Written by Jose Cartamil & Tom Foss
Once fresh produce is picked, it is dying, plain and simple. Trying to maximize its life and freshness for your customers is key for great sales, reduced shrink, great margins, and satisfied customers. Use these keys below as reminders for how to stay fresh and focused on profits:
· Culling/Rotation- A must for a business. Cull the department at least twice daily. Rule of thumb; if you wouldn’t buy it, don’t try to sell it. Rotation of not only product on the sales floor, but product in the coolers and backrooms as well. First in, first out is the best practice.
· Space to Sales Allocation- Are you over shelved on certain items, varieties, or sections? Sometimes if you have too much produce on the sales floor, that produce will sit and not sell in a timely manner. This will create poor quality produce conditions on the sales floor.
· Proper Refrigeration- Keeping product cool will extend shelf life. The optional temperature for fresh produce is between 34 and 40 degrees. Carlson AirFlo products help to maintain an optimum temperature for keeping produce fresher, longer.
· Do Not Impede Air Flow- Items like case liner and pop creates work will for appearance, but will stop cool air from reaching produce.
· Crisping- Trimming the “butts” off of leafy greens and giving them a soak in temped water will extend the life and increase freshness for your customers.

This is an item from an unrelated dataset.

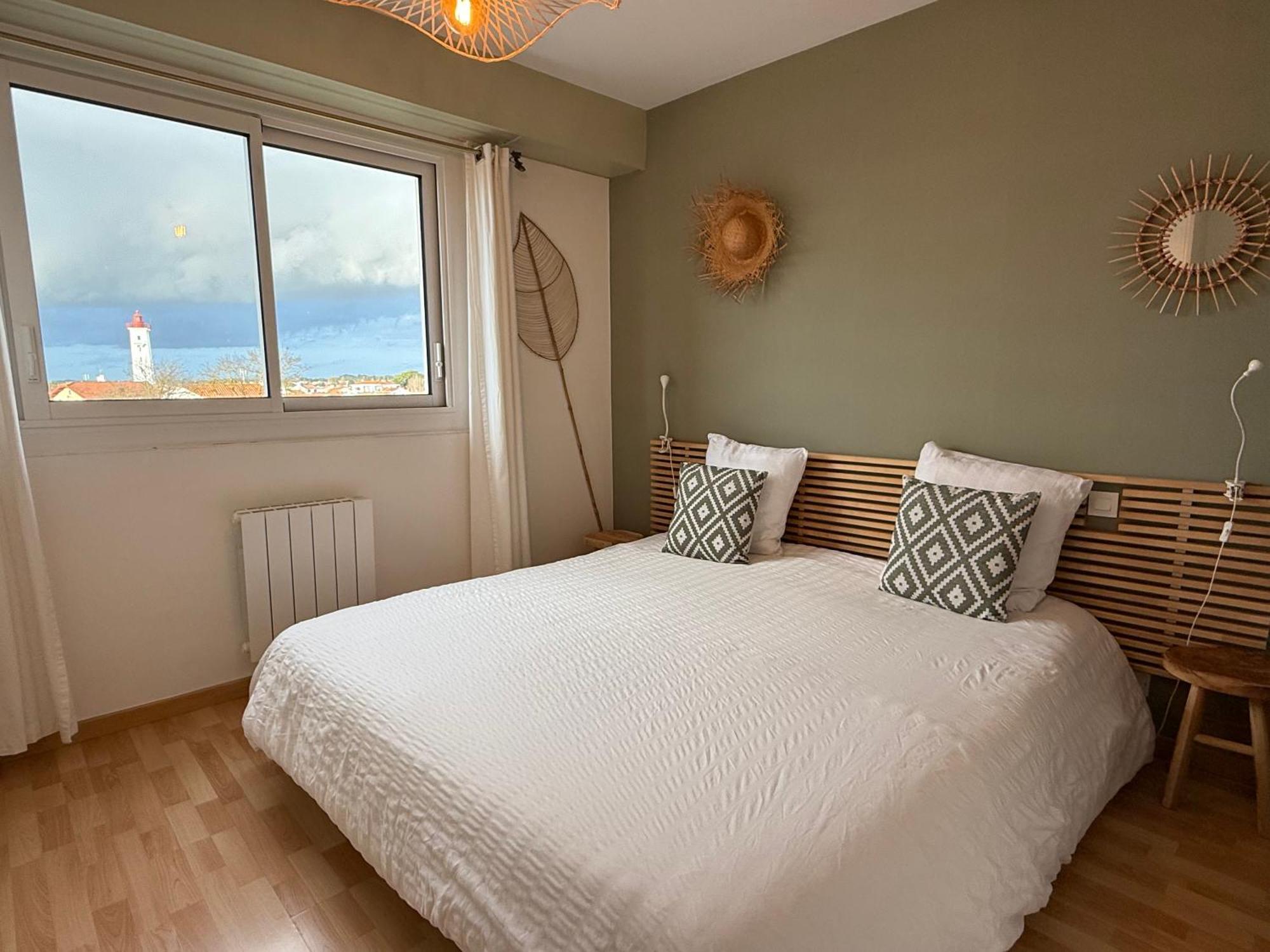 Vue Sur L'Entree Du Port Apartment แซงต์-ฌีย์-ครัว-เดอ-วี ภายนอก รูปภาพ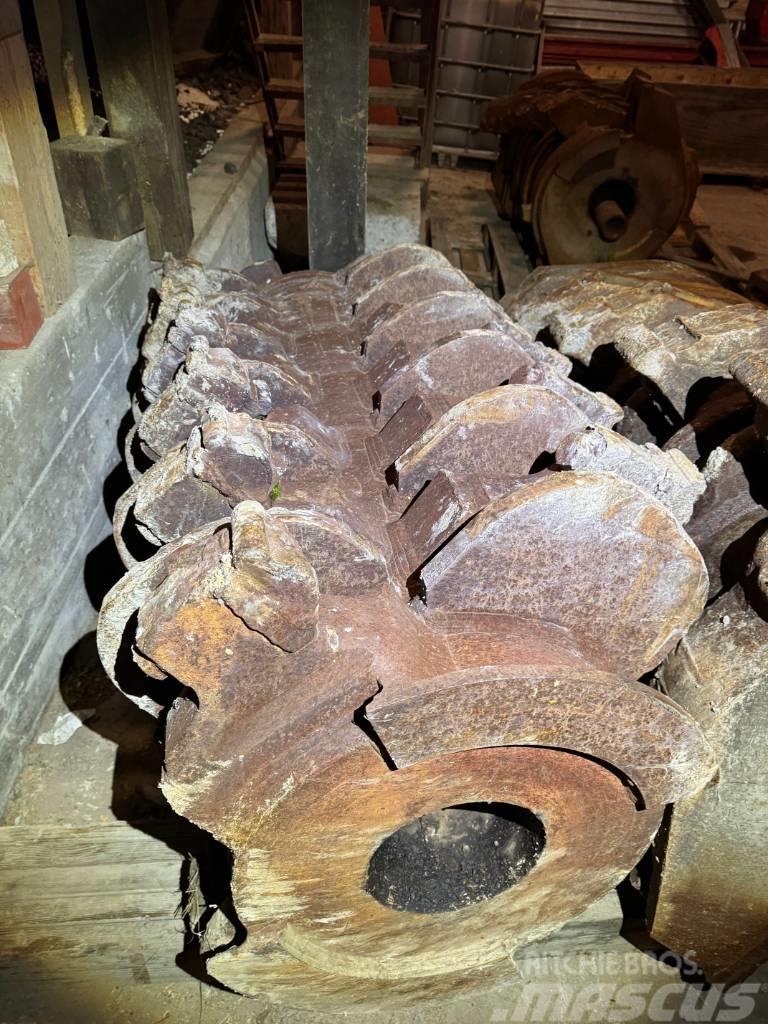 CBI 6400 forged drum Τεμαχιστές ξύλου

· Over Fill- Overfilling a produce display can lead to many issues. Bruising and highly perishable items like berries at room temperature for long periods of time will drastically reduce shelf life. For every hour that a strawberry is out of the 34 to 40 degree temperature range, it will lose 2 days of shelf life.

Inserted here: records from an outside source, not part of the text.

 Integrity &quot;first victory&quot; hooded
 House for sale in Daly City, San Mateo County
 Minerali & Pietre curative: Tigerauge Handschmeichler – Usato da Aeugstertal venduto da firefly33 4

· Misting- It’s good to make sure that the misting system in the produce wet case is working well and that the nozzles are aimed properly.
· Cleaning- Many times, especially during busy times of the year, deep cleaning will get over looked. “Sludge” build up will cut down on proper air flow throughout a case.

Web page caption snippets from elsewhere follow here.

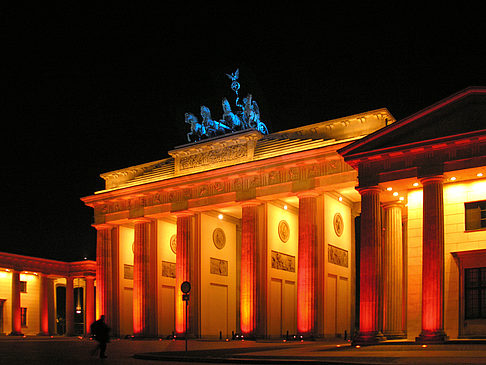 Brandenburger Tor bei Nacht Fotos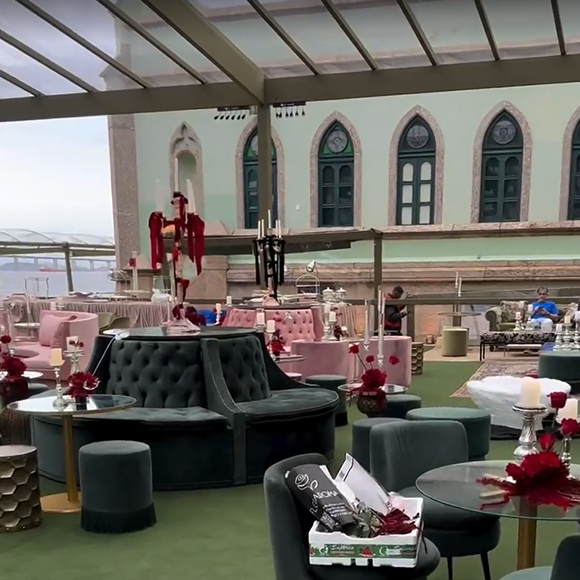 Bruna Marquezine transforma Ilha Fiscal em cenário de conto de fadas para comemorar 30 anos com luxo e sofisticação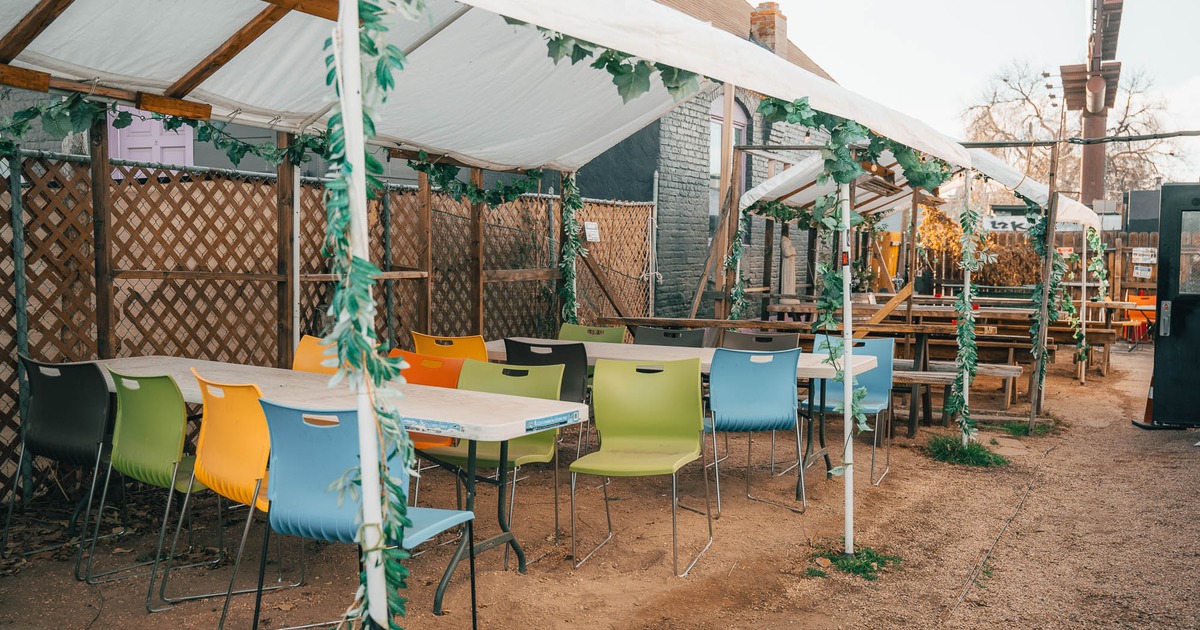 Exterior, garden with tables and chairs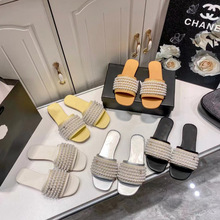 新款C家真皮珍珠面平底拖鞋女2025夏季时尚外穿百搭一字露趾拖鞋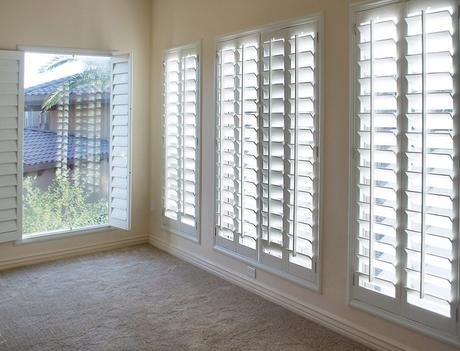 14 Types of Blinds – Find The Right Type For Your Home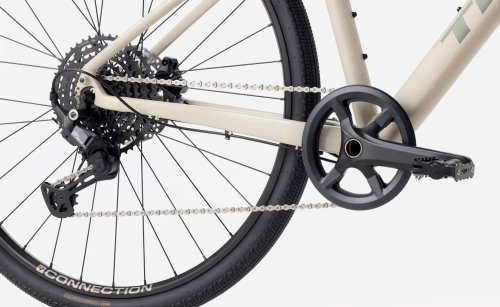 Nowoczesny napęd Shimano CUES w TREK FX 3 Sport AL Buff Beige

· Signing- It is important to have your department properly and accurately signed and priced. The use of sign systems is a good way to accomplish this.
· Proper Ordering- Take inventory of what is on hand in the cooler and backroom. Write the order on the sales floor, looking at the displays. Knowing what is in the cooler and backroom, having a record of what’s sold in the past helps cut down on any guessing.
· Proper Employee Training- Produce department employees require one to two years to really understand produce. Going through each season will help provide a better understanding of how fruits and vegetables react to various conditions.
· Sanitation Program- In most supermarkets, the produce department is the first department customers usually experience, therefore from a fresh image and food safety standpoint it is vital that all employees adhere to a strict sanitation program.
· The Importance of Color- We shop using all of senses; including sight. The use of contrasting colors is one of the simplest ways to add visual impact to produce displays and make the produce more tempting to customers. Create “wow” displays.